Coffee to me is like a warm, cozy, cashmere sweater that wraps me up in the morning and leaves me perked up and ready to take on the day! I LOVE, love, love coffee – the nutty, rich taste; the perk it gives me; the flavorful aroma it fills the room; the fancy/old-fashioned coffee houses with quality, artisan coffees.
I’m especially swoon with the French press method and the robust taste it gives. I take my coffee two ways: black (depending on the brand); black w/ unsweetened almond coconut creamer.
Coffee is high in antioxidants, improves mood, and studies show that it can increase life longevity + alleviate certain diseases if consumed daily. Although, it seems like each year medical research finds some either negative or positive new outcome for coffee & caffeine consumption. Which is it, really? Is it good or bad?
For the sake of this post, I will discuss how coffee effects acne sufferers and some negatives if consumed a little too much everyday (5 cups +, anyone?).

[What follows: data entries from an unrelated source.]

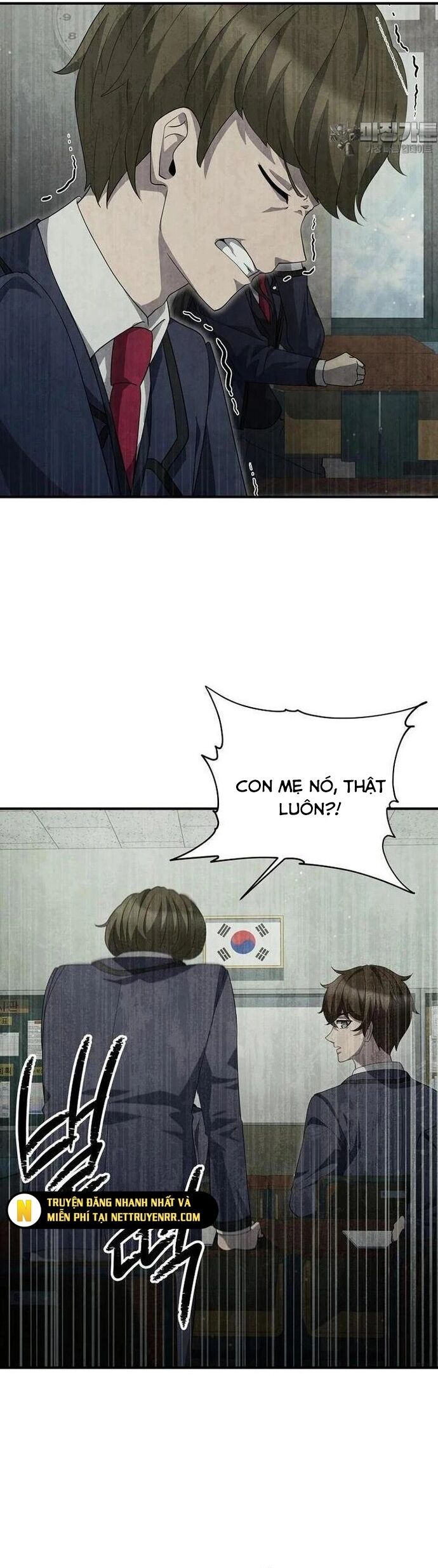 Câu Lạc Bộ Truyện Ma Chapter 38 - 16
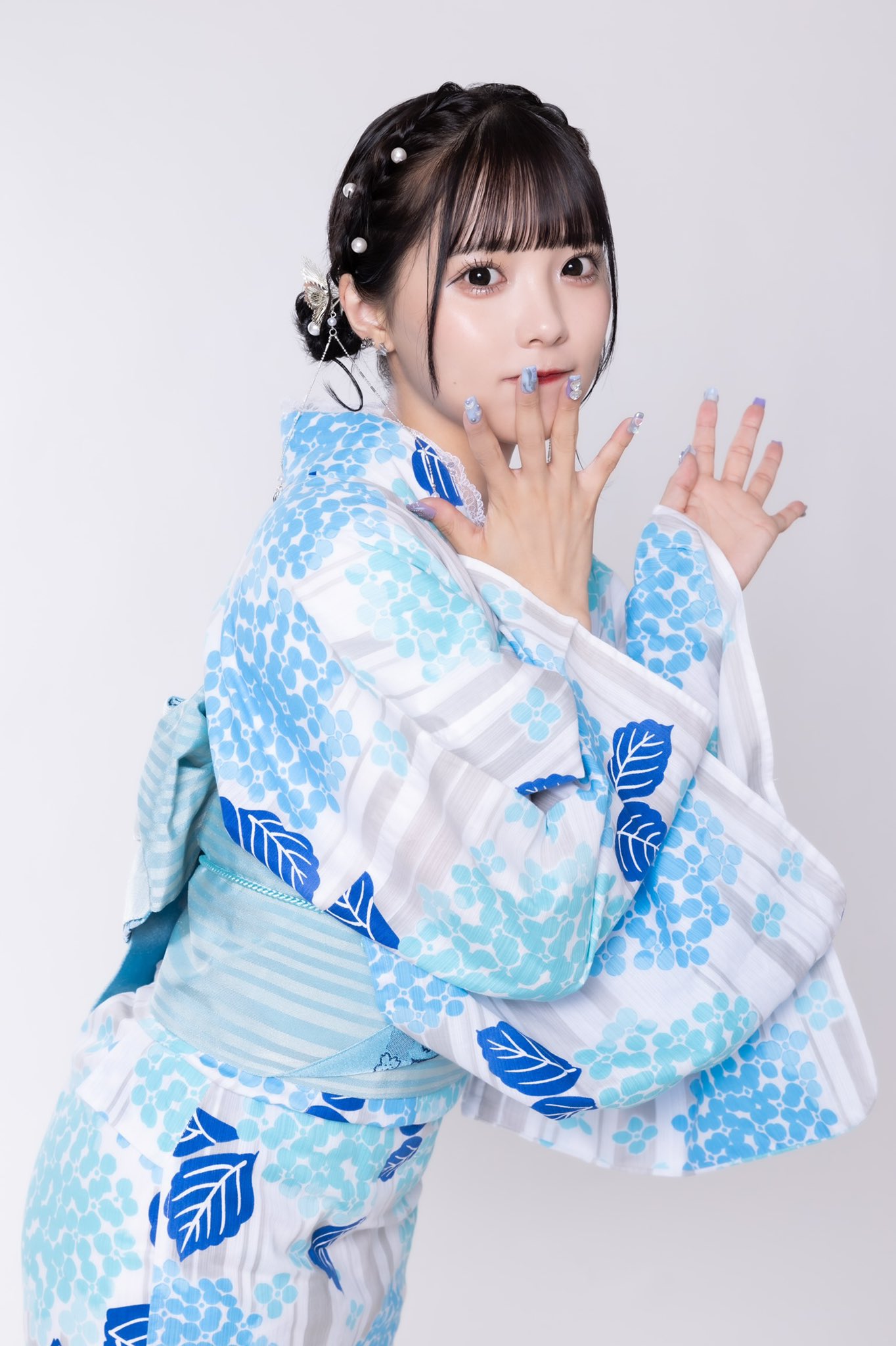 CANDY TUNE きゃんちゅー 福山梨乃 推しアピTシャツver.3 - メルカリ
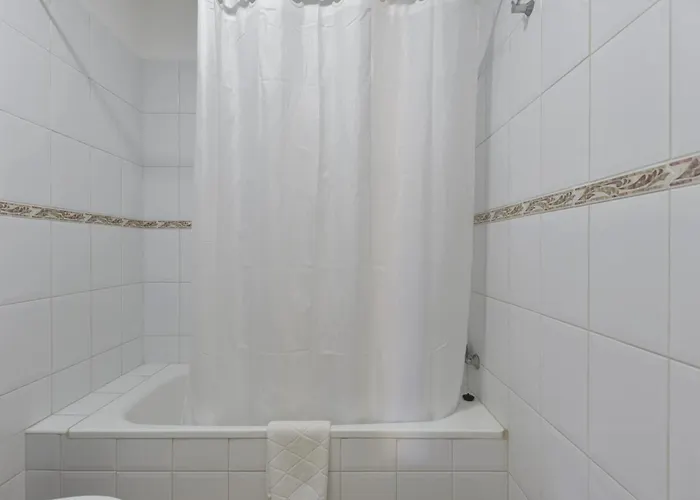 Macarena بلايا دي سان خوان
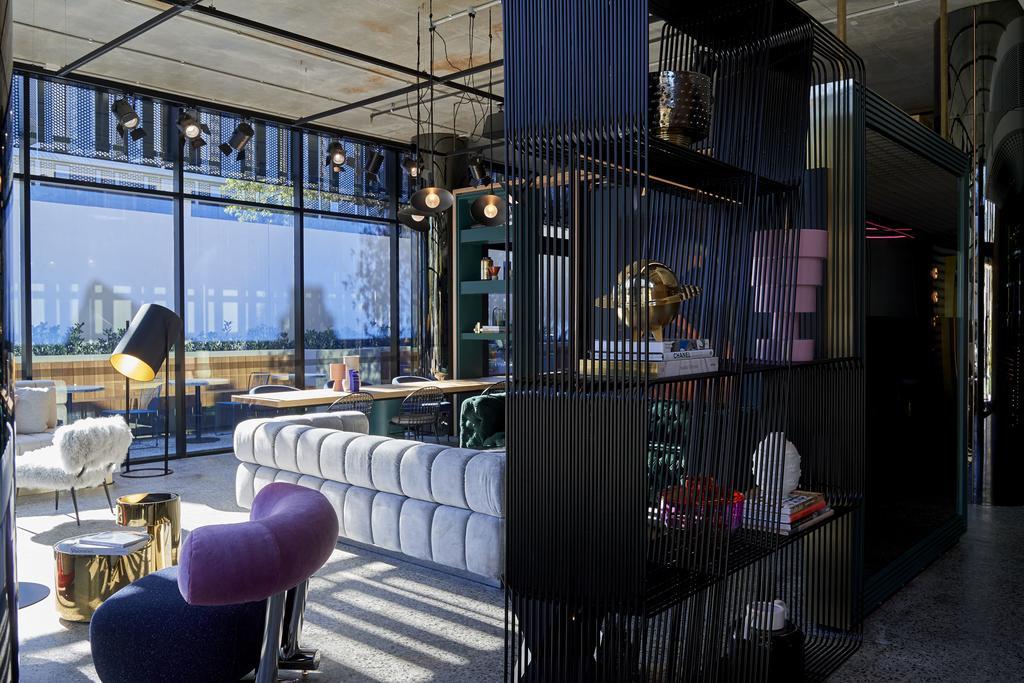 Hotel Tribe Perth Kings Park Esterno foto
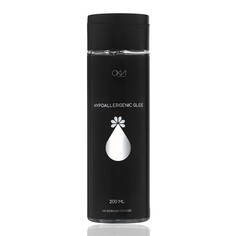 Интимная гель-смазка Оки-Чпоки Гипоаллергенная на водной основе 200 мл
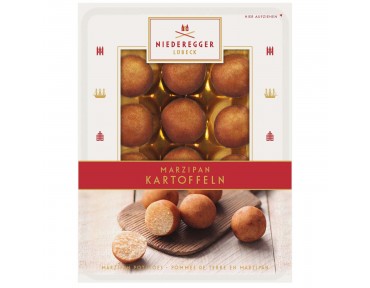 Niederegger Marzipan Kartoffeln 100g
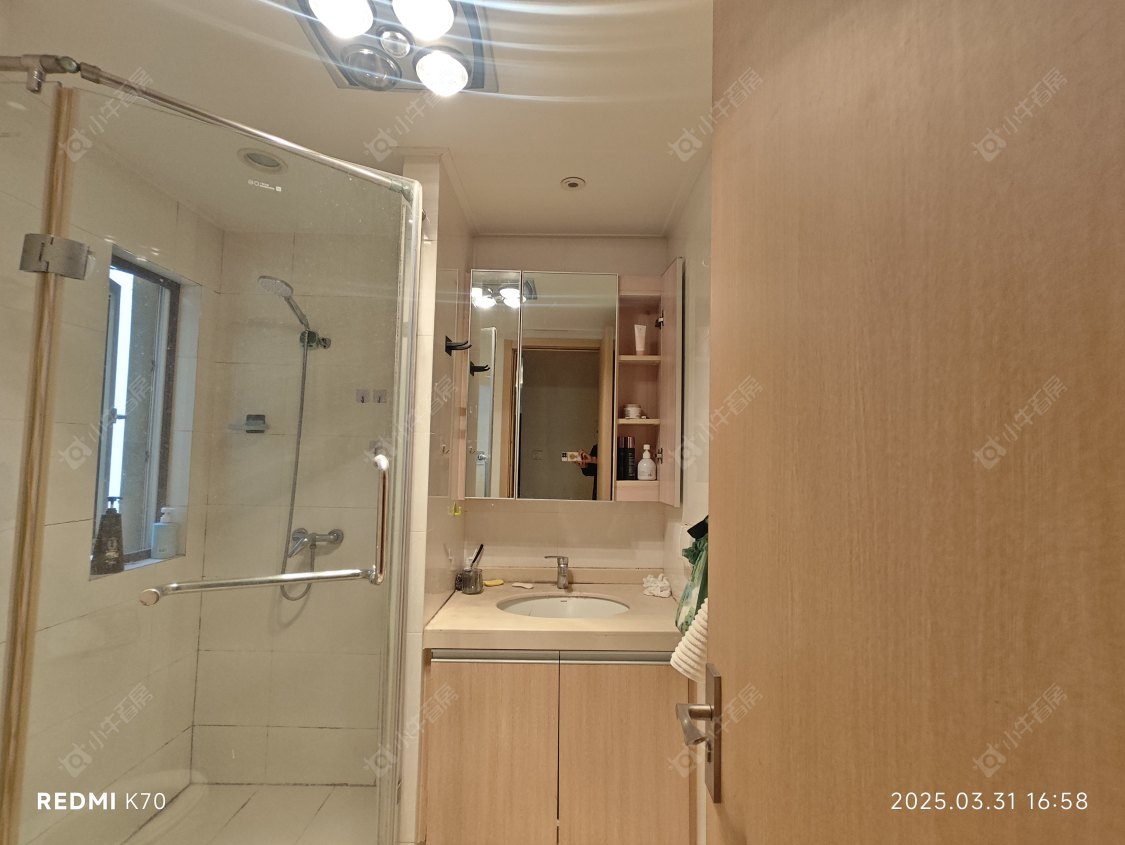 常州新城香悦半岛北区在租房源_小牛看房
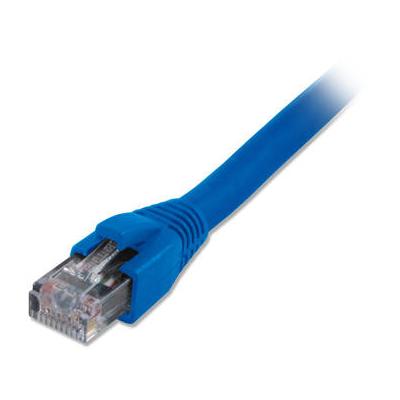 Comprehensive 75' Cat6 Snagless Solid Plenum Shiel...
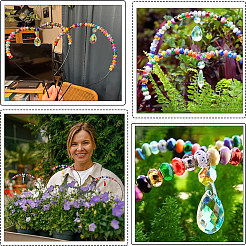 DIY Plants Stand Making Kits&nbsp;DIY-SC0033-45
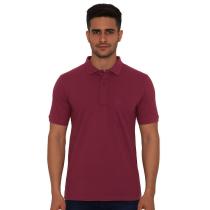 Plain Mauve Shirt : Regular
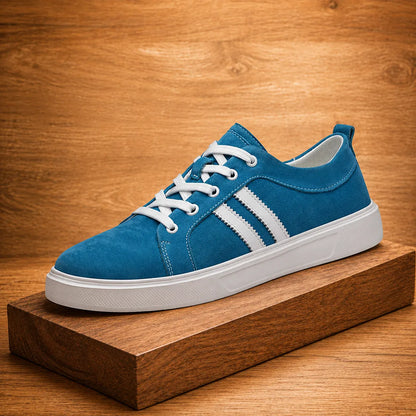 Versatile Casual Sneakers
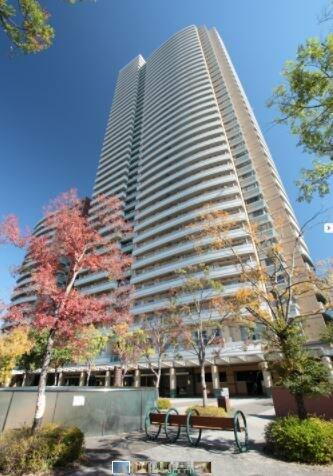 東京都新宿区河田町 賃貸マンション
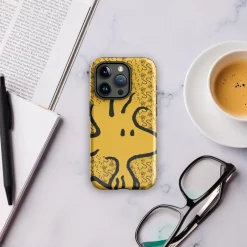 Outlet Woodstock Tough Phone Case - iPhone Woodstock | Phone Cases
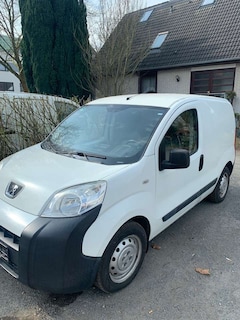 Bild des Angebotes Peugeot Bipper Bipper HDi 75 2-Tronic Stop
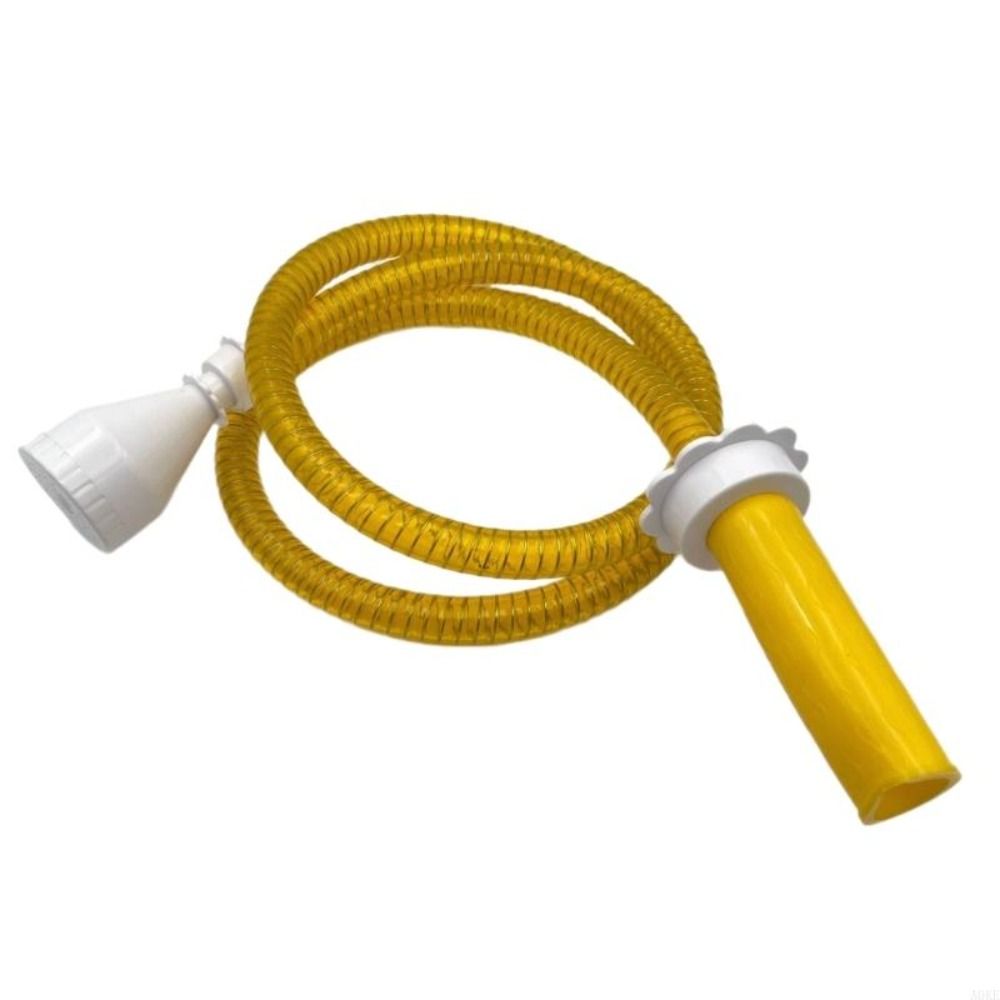 Flexible Adjustable Shower Hos - Silicone Tap Washer 리뷰 및 가격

However, in the last few years, I’ve had to really re-evaluate my diet and the nutrients I was feeding my body in order to have the beautiful, crystal clear skin that I’ve been after since I was a child. Why can’t we just have it all?
So, can this little magic potion possibly cause or aggravate the persistent acne on your face or body?
In a short and very unfortunate answer, yes! There are quite a few reasons why this little slice of heaven aggravates the pesky skin condition further and I’m going to clarify the 4 major points on the big why.
Coffee is highly acidic, which may lead to acid indigestion and cause some individuals to take up some small snack/meal with their beverage to provide relief. Decaf coffee is actually higher in acidity due to the nature of processing/ stripping down the coffee from caffeine.
The issue here is that coffee drinkers that have acne have an unbalanced internal ph level because acidity from coffee and other acidic foods is harder to digest and break down by the liver, leading to breakouts.
When liver is over burdened by all the extra acidity, it has harder time excreting contents to the bile – in turn, becomes inflamed and purges out onto the skin creating acne.
The way to balance the ph to a healthy level is to decrease or cut out acidic foods, especially that cup of java. This also includes those lattes – yes, 1 shot of espresso (less caffeine than small cup of coffee) is still considered acidic.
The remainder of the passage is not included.